• _Your assignment_
The records below must be retyped exactly.

(Dataset entries)

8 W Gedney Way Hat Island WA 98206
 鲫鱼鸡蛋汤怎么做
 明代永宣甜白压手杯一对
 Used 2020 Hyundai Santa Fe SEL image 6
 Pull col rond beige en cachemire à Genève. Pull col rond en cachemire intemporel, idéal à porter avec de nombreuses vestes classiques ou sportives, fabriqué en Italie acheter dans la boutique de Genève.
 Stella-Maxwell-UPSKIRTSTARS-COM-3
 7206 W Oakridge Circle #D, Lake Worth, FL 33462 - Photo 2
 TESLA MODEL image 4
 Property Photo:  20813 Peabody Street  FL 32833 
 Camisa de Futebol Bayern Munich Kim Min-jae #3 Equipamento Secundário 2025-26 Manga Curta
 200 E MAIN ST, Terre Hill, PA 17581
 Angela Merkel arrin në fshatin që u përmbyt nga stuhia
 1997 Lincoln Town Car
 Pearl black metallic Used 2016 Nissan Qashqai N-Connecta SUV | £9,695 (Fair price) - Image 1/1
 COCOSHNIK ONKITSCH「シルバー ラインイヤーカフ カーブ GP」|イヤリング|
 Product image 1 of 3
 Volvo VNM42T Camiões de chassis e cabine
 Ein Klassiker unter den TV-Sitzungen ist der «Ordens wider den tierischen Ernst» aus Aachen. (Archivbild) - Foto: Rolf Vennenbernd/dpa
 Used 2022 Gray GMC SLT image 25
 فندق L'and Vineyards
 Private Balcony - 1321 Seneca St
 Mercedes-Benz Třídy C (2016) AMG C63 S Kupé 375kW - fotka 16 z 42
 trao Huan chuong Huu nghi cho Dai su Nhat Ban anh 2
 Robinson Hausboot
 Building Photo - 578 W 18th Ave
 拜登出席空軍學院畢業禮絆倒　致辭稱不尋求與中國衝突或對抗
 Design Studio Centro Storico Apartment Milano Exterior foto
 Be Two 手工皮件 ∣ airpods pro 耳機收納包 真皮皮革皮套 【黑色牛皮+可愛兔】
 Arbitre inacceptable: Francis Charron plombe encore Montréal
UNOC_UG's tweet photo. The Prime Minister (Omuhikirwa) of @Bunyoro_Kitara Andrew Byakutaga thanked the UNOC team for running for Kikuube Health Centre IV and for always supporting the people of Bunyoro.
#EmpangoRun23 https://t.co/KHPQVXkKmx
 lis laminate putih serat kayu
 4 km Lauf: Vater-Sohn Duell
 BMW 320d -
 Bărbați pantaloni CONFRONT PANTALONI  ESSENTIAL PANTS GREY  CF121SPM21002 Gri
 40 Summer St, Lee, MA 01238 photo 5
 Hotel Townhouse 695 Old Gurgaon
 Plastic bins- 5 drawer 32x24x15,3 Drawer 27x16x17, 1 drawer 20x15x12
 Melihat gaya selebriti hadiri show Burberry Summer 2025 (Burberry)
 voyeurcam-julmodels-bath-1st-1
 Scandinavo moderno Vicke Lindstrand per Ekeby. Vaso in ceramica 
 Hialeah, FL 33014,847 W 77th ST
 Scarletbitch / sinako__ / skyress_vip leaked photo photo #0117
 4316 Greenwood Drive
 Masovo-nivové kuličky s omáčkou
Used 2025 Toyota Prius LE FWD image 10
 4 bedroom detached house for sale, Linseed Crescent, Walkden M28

• _Reply to the task_
8 W Gedney Way Hat Island WA 98206
 鲫鱼鸡蛋汤怎么做
 明代永宣甜白压手杯一对
 Used 2020 Hyundai Santa Fe SEL image 6
 Pull col rond beige en cachemire à Genève. Pull col rond en cachemire intemporel, idéal à porter avec de nombreuses vestes classiques ou sportives, fabriqué en Italie acheter dans la boutique de Genève.
 Stella-Maxwell-UPSKIRTSTARS-COM-3
 7206 W Oakridge Circle #D, Lake Worth, FL 33462 - Photo 2
 TESLA MODEL image 4
 Property Photo:  20813 Peabody Street  FL 32833 
 Camisa de Futebol Bayern Munich Kim Min-jae #3 Equipamento Secundário 2025-26 Manga Curta
 200 E MAIN ST, Terre Hill, PA 17581
 Angela Merkel arrin në fshatin që u përmbyt nga stuhia
 1997 Lincoln Town Car
 Pearl black metallic Used 2016 Nissan Qashqai N-Connecta SUV | £9,695 (Fair price) - Image 1/1
 COCOSHNIK ONKITSCH「シルバー ラインイヤーカフ カーブ GP」|イヤリング|
 Product image 1 of 3
 Volvo VNM42T Camiões de chassis e cabine
 Ein Klassiker unter den TV-Sitzungen ist der «Ordens wider den tierischen Ernst» aus Aachen. (Archivbild) - Foto: Rolf Vennenbernd/dpa
 Used 2022 Gray GMC SLT image 25
 فندق L'and Vineyards
 Private Balcony - 1321 Seneca St
 Mercedes-Benz Třídy C (2016) AMG C63 S Kupé 375kW - fotka 16 z 42
 trao Huan chuong Huu nghi cho Dai su Nhat Ban anh 2
 Robinson Hausboot
 Building Photo - 578 W 18th Ave
 拜登出席空軍學院畢業禮絆倒　致辭稱不尋求與中國衝突或對抗
 Design Studio Centro Storico Apartment Milano Exterior foto
 Be Two 手工皮件 ∣ airpods pro 耳機收納包 真皮皮革皮套 【黑色牛皮+可愛兔】
 Arbitre inacceptable: Francis Charron plombe encore Montréal
UNOC_UG's tweet photo. The Prime Minister (Omuhikirwa) of @Bunyoro_Kitara Andrew Byakutaga thanked the UNOC team for running for Kikuube Health Centre IV and for always supporting the people of Bunyoro.
#EmpangoRun23 https://t.co/KHPQVXkKmx
 lis laminate putih serat kayu
 4 km Lauf: Vater-Sohn Duell
 BMW 320d -
 Bărbați pantaloni CONFRONT PANTALONI  ESSENTIAL PANTS GREY  CF121SPM21002 Gri
 40 Summer St, Lee, MA 01238 photo 5
 Hotel Townhouse 695 Old Gurgaon
 Plastic bins- 5 drawer 32x24x15,3 Drawer 27x16x17, 1 drawer 20x15x12
 Melihat gaya selebriti hadiri show Burberry Summer 2025 (Burberry)
 voyeurcam-julmodels-bath-1st-1
 Scandinavo moderno Vicke Lindstrand per Ekeby. Vaso in ceramica 
 Hialeah, FL 33014,847 W 77th ST
 Scarletbitch / sinako__ / skyress_vip leaked photo photo #0117
 4316 Greenwood Drive
 Masovo-nivové kuličky s omáčkou
Used 2025 Toyota Prius LE FWD image 10
 4 bedroom detached house for sale, Linseed Crescent, Walkden M28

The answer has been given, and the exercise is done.